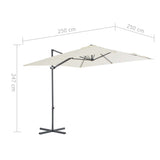 NNEVL Cantilever Umbrella with Steel Pole 250x250 cm Sand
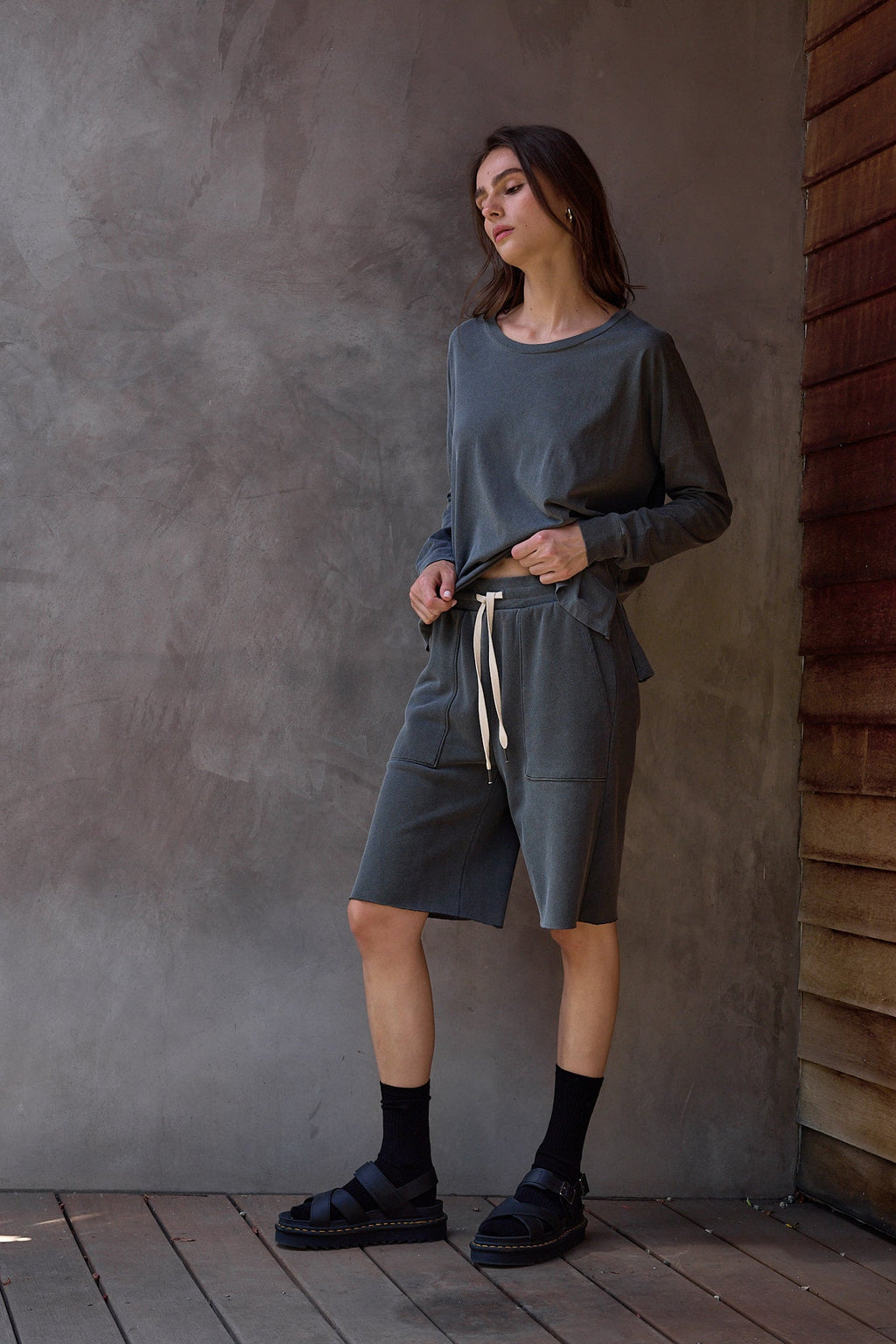 Raven Wide Leg Loop Terry Culotte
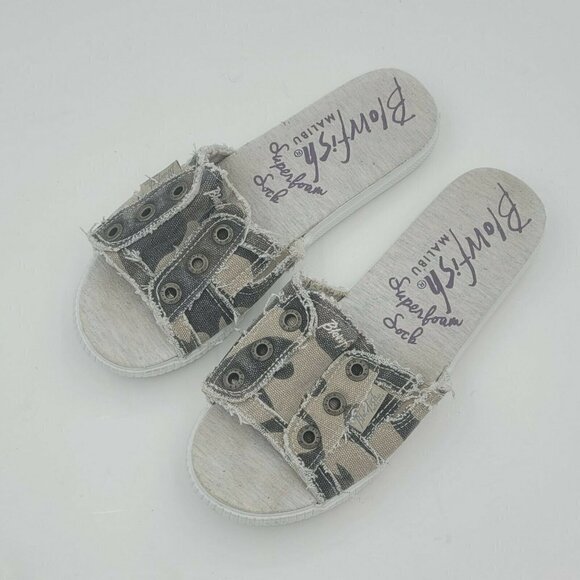 Blowfish Fresco Olive Washed Camo Slides Size 6.5 - Picture 3 of 10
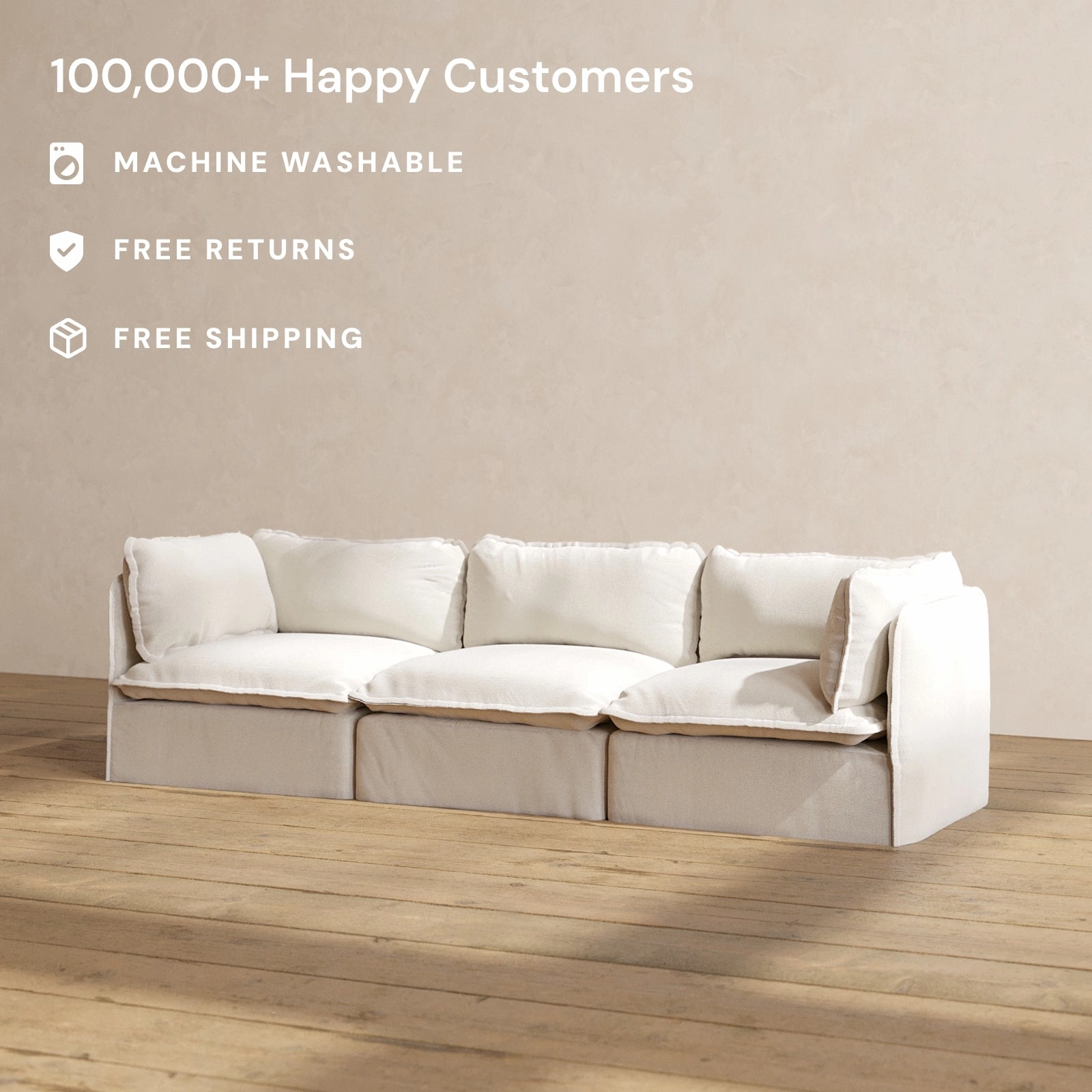 Modular Performance 3-Seater in Flour | Relaxed Blend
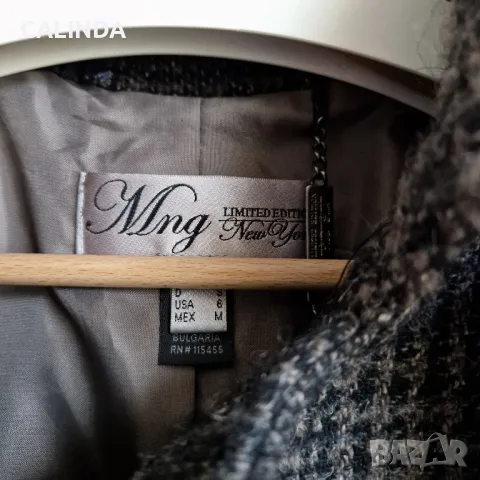 Мango вълнено сако с колан карирано, снимка 4 - Сака - 49633899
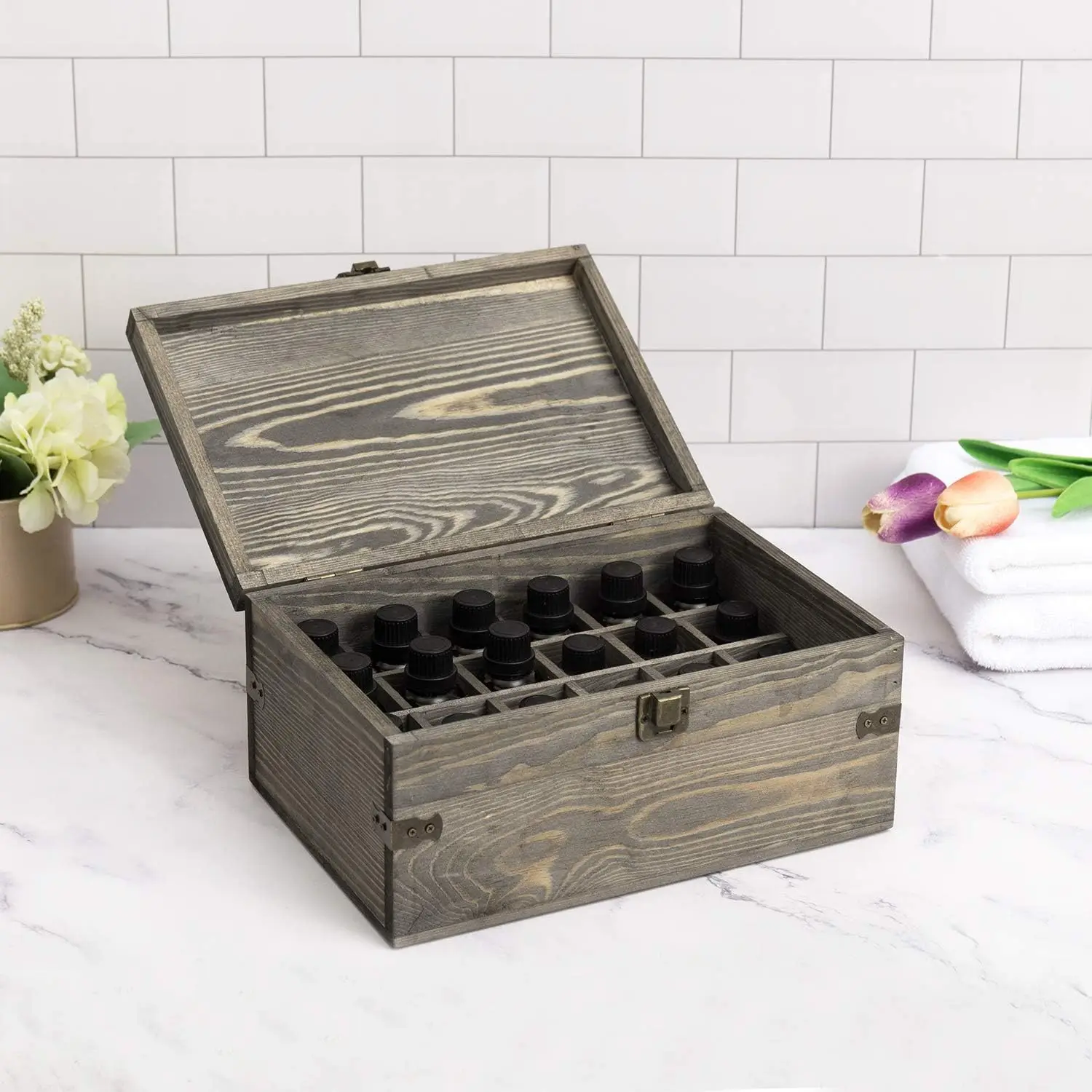 Customized Wooden Essential Oil Bottle Storage Box Vintage Gray Wood Roller Organizer Holder Display Case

:::::

§ **YOUR INSTRUCTIONS**: Leaving every picture behind, retype the entries above exactly, from the first line through the line with "Мango вълнено сако", and stop there.

§ **WRITTEN ANSWER**:
 NNEVL Cantilever Umbrella with Steel Pole 250x250 cm Sand
 Raven Wide Leg Loop Terry Culotte
 Blowfish Fresco Olive Washed Camo Slides Size 6.5 - Picture 3 of 10
 Modular Performance 3-Seater in Flour | Relaxed Blend
 Мango вълнено сако с колан карирано, снимка 4 - Сака - 49633899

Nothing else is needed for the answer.